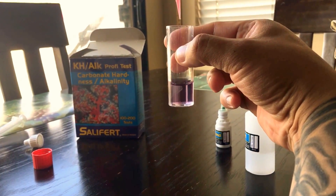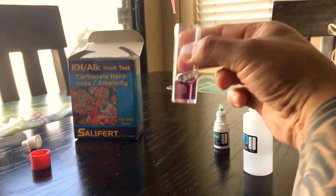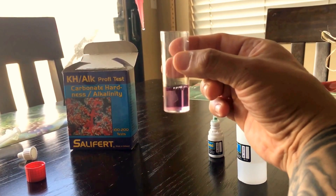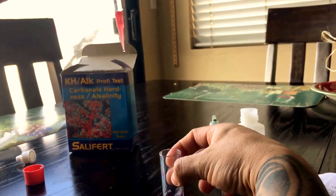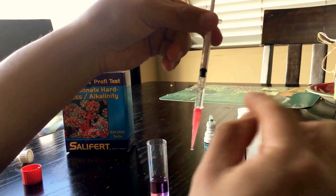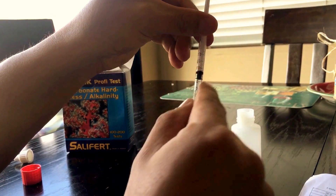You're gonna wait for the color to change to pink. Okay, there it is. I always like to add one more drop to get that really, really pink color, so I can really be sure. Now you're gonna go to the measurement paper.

....

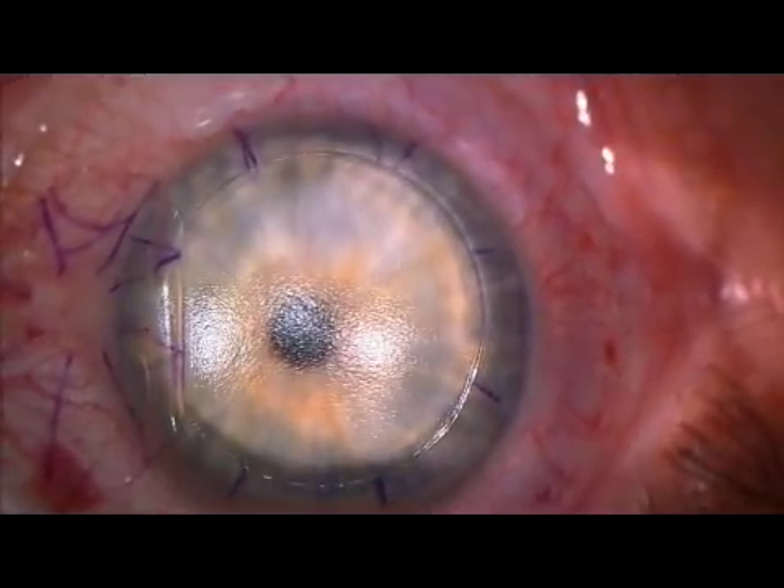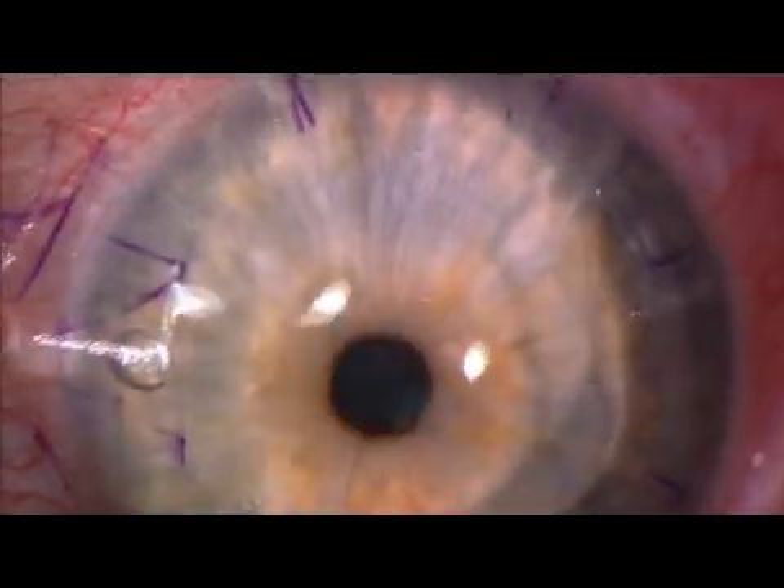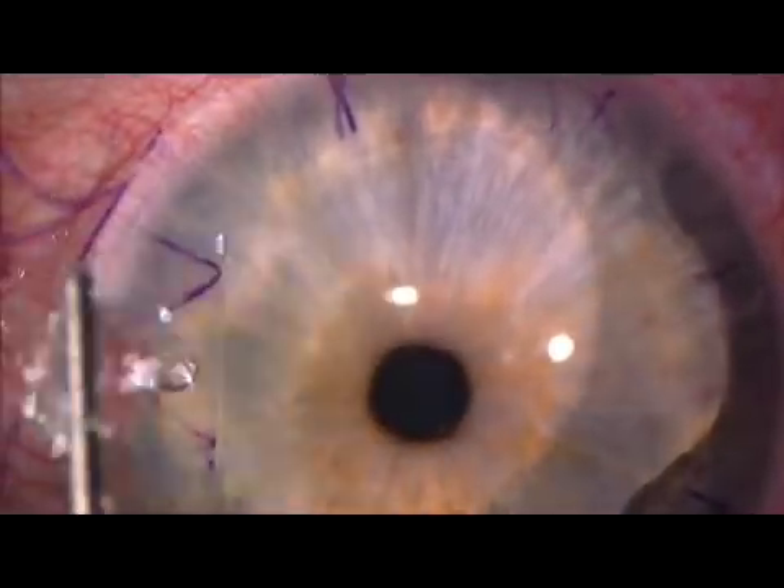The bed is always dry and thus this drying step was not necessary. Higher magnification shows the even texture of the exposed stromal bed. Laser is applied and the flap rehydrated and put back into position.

....

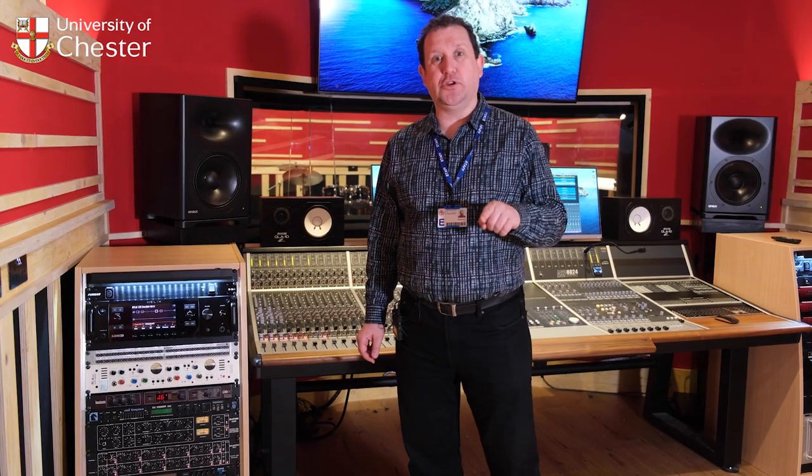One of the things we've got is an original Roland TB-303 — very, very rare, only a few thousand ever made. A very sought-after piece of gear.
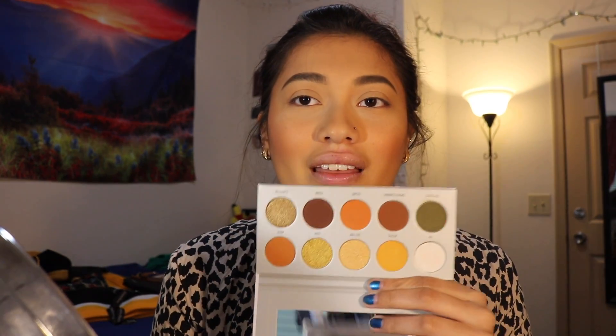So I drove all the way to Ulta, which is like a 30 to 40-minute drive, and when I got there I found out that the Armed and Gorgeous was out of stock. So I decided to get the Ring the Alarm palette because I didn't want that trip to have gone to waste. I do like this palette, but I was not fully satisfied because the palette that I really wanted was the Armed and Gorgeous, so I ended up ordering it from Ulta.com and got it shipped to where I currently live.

....

| Work to be completed |
Would you set down only the lines above from the line with "One of the things" to the line with "So I drove all", both included, exactly as they stand and without the pictures?

| Written answer |
One of the things we've got is an original Roland TB-303 — very, very rare, only a few thousand ever made. A very sought-after piece of gear.
So I drove all the way to Ulta, which is like a 30 to 40-minute drive, and when I got there I found out that the Armed and Gorgeous was out of stock. So I decided to get the Ring the Alarm palette because I didn't want that trip to have gone to waste. I do like this palette, but I was not fully satisfied because the palette that I really wanted was the Armed and Gorgeous, so I ended up ordering it from Ulta.com and got it shipped to where I currently live.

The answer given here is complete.